No dataset pitfall

Machine learning is not about solving some random problem that looks commercially appealing. It is all about finding a problem for which a good training dataset can be acquired.

For example, what is harder: speech recognition or OCR? Both tasks look similar at first glance. They both attempt to recognize sequence of words. The only difference is that the first one targets audio stream, while the second one — stream of glyphs. And yet speech recognition is much harder.

The trouble is that it is difficult to build good dataset for speech recognition. The only way to do this is to hire an army of native language speakers and ask them to manually recognize text in a collection of audio files. This process is extremely money- and time-consuming. It can take half a year to build the very first dataset barely enough to be used for training, and much longer to develop it into high-quality, representative dataset that would include corner cases such as rare accents.

This problem is not so severe with OCR. Training dataset for OCR can be automatically constructed without relying on manual labor. The idea is to render sample text into image file and then distort it to represent real-world scanned text: rotate it, blur, add noise, apply brightness gradient, etc. Repeating this process with different texts and fonts allows to create dataset of decent quality in fully automatic mode. Of course, some actually scanned texts are required to make dataset representable, but this is not a bottleneck for ML engineers and can be done later.

Machine learning problems can be roughly classified into the following tiers depending on the source of the dataset: naturally existing datasets; programmatically constructed datasets; manually created datasets.


Tasks with naturally existing datasets form the lowest tier. For instance, the problem of detecting sex and age of a person by analyzing photo is exactly of this type. Dataset for this problem can be constructed by scraping social network profiles. Another problem of such type is predicting next word while user is typing text message, provided that an archive of previously sent messages exists. Similar problems are predicting geolocation of the user, stock price forecasting, and recommending movies. Even when data already exists, problems in this category can pose significant challenge because the data can be dirty or biased. People do not always specify their true sex and age in profiles, and recommender systems are prone to bias due to bubble effect. Anyway, naturally existing dirty data is better than no data at all.

Second tier is formed by problems which do not have natural datasets, but datasets can be constructed in automatic mode. One of such problems — OCR — was described above. Datasets for large number of other problems focused on image enhancement can be solved in similar manner, including image colorization, deblurring or upscaling. Dataset construction process consists of downloading a collection of originally good images and then artificially morphing them, e.g. converting to black and white. The goal of the ML model is to reconstruct the original image. Datasets for other problems, such as audio denoising, can be constructed by mixing multiple samples.
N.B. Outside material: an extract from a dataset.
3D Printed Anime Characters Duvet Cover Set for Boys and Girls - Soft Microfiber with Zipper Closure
The third and highest tier consists of problems which require manual construction of the dataset. Speech recognition, adult content detection, search engine ranking — all these problems require data to be manually labeled. If a problem falls into this tier, it would take 2-10 times longer to solve it than a "similar" problem from other tiers. For example, British National Corpus, which is widely used for training language models, was constructed in three years with input from multiple organizations. It is doubtful that small company would be able to provide such resources. Not only manual labeling is time-consuming but it also requires extra effort from ML engineer. ML engineer has to assemble training dataset piece by piece knowing that any data batch scheduled for labeling costs money. Every new batch must increase overall representativeness of the dataset or otherwise money will be wasted. Selecting such batches is significantly harder than filtering dirty data (tier 1 problem) or creating additional data mutators (tier 2).

When approached with a new ML project, the first question to ask is: how hard will it be to create dataset? People without technical background often forget about data. In fact, more effort is spent on dataset construction than on fitting ML model. Projects which have to rely on manual data labeling are particularly prone to incorrect expectations. Think twice before committing to such projects.
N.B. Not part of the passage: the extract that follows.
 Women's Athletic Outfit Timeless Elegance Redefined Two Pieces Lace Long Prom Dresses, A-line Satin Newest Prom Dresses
No classification error allowed

When building a classifier, only one type of error can be minimized.

This is an example of typical conversation between a manager and a tech lead:

Manager. Hello, I have an idea that will earn us a fortune.

TechLead. What is it?

Manager. There are a lot of prospective customers who are willing to pay for a classifier that is able to mark images with explicit content. Forums, social networks, file hostings — actually all sorts of public web sites where people can upload photos. We will be the first who implement this classifier and will become rich.

TechLead. Nope, we won’t be able to create such a classifier.

Manager. What are you talking about? I do not see any offensive images in google image search. Surely they can do this, and so do we.

At this moment tech lead has to explain concepts of precision and recall to the manager. It is possible to optimize classifier only for one type of error. Either it will erroneously filter out some good images in addition to bad ones; or it will allow some bad images to pass through. But it is impossible to build a classifier that is free of both errors. In another words, there is a knob in ML model that allows to choose what error is more important. Depending on how you treat "gray" zone, error will shift to the left or to the right. The lower one error type, the higher the another one. If the knob is set to middle position, nothing good will happen because both error types will be higher than zero.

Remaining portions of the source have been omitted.